Compounds stored in graph database 200 may model complex relationships (e.g., employment of a member at a position within a company) using a set of basic types (i.e., binary edges 318) in graph database 200. More specifically, each compound may represent an n-ary relationship in graph 210, with each “component” of the relationship identified using the predicate and object (or subject) of an edge. A set of “n” edges that model the relationship may then be linked to the compound using a common subject (or object) that is set to a hub node representing the compound. In turn, new compounds may dynamically be added to graph database 200 without changing the basic types used in graph database 200, by specifying relationships that relate the compound structures to the basic types in schemas 306.

Graph 210 and schemas 306 are used to populate graph database 200 for processing queries 308 against the graph. More specifically, a representation of nodes 316, edges 318, and predicates 320 may be obtained from source of truth 334 and stored in a log 312 in the graph database. Lock-free access to graph database 200 may be implemented by appending changes to graph 210 to the end of the log instead of requiring modification of existing records in source of truth 334. In turn, graph database 200 may provide an in-memory cache of log 312 and an index 314 for efficient and/or flexible querying of the graph.

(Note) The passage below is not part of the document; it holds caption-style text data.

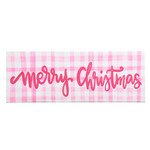 m. lynne designs pink gingham merry christmas print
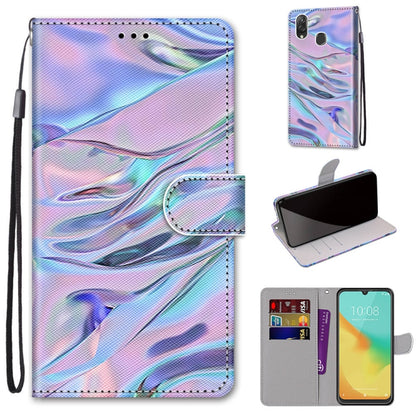 Coloured Drawing Cross Texture Horizontal Flip PU Leather Case with Holder & Card Slots & Wallet & Lanyard, Series 1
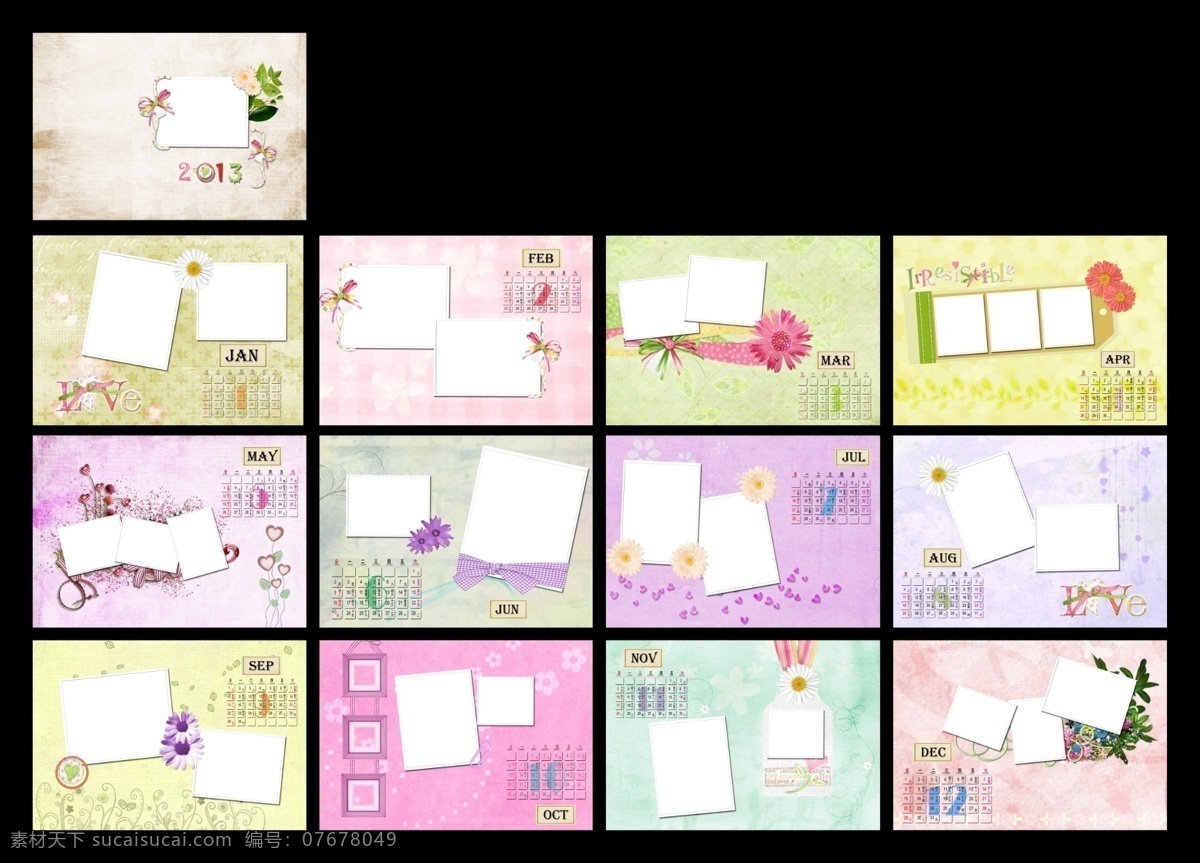 2013年 2013 年 臺歷 2013臺歷 模板 春節(jié) 兒童臺歷 節(jié)日素材 日歷 蛇年臺歷 模板下載 臺歷模板 相框模板 相框臺歷 源文件 psd源文件 婚紗 兒童 寫真 相冊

Nodes 316, edges 318, and predicates 320 may be stored as offsets in log 312. For example, the exemplary edge statement for creating a connection between two members named “Alice” and “Bob” may be stored in a binary log 312 using the following format:

- 256 Alice
- 261 Bob
- 264 ConnectedTo
- 275 (256, 264, 261)
  In the above format, each entry in the log is prefaced by a numeric (e.g., integer) offset representing the number of bytes separating the entry from the beginning of the log. The first entry of “Alice” has an offset of 256, the second entry of “Bob” has an offset of 261, and the third entry of “ConnectedTo” has an offset of 264. The fourth entry has an offset of 275 and stores the connection between “Alice” and “Bob” as the offsets of the previous three entries in the order in which the corresponding fields are specified in the statement used to create the connection (i.e., Edge(“Alice”, “ConnectedTo”, “Bob”)).

Because the ordering of changes to graph 210 is preserved in log 312, offsets in log 312 may be used as representations of virtual time in graph 210. More specifically, each offset may represent a different virtual time in graph 210, and changes in the log up to the offset may be used to establish a state of graph 210 at the virtual time. For example, the sequence of changes from the beginning of log 312 up to a given offset that is greater than 0 may be applied, in the order in which the changes were written, to construct a representation of graph 210 at the virtual time represented by the offset.

Graph database 200 may further omit duplication of nodes 316, edges 318, and predicates 320 of graph 210 in log 312. Thus, a node, edge, predicate, and/or other element of graph 210 that has already been added to log 312 will not be rewritten at a subsequent point in log 312.

Graph database 200 also includes an in-memory index 314 that enables efficient lookup of edges 318 by subject, predicate, object, and/or other keys or parameters 310. The index structure may include a hash map and an edge store. Entries in the hash map may be accessed using keys such as subjects, predicates, and/or objects that partially define edges in the graph. In turn, the entries may include offsets into the edge store that are used to resolve and/or retrieve the corresponding edges. Edge store designs for graph database indexes are described in a co-pending non-provisional application entitled “Edge Store Designs for Graph Databases,” having Ser. No. 15/360,605, and filing date 23 Nov. 2016 (Attorney Docket No. LI-900847-US-NP), which is incorporated herein by reference.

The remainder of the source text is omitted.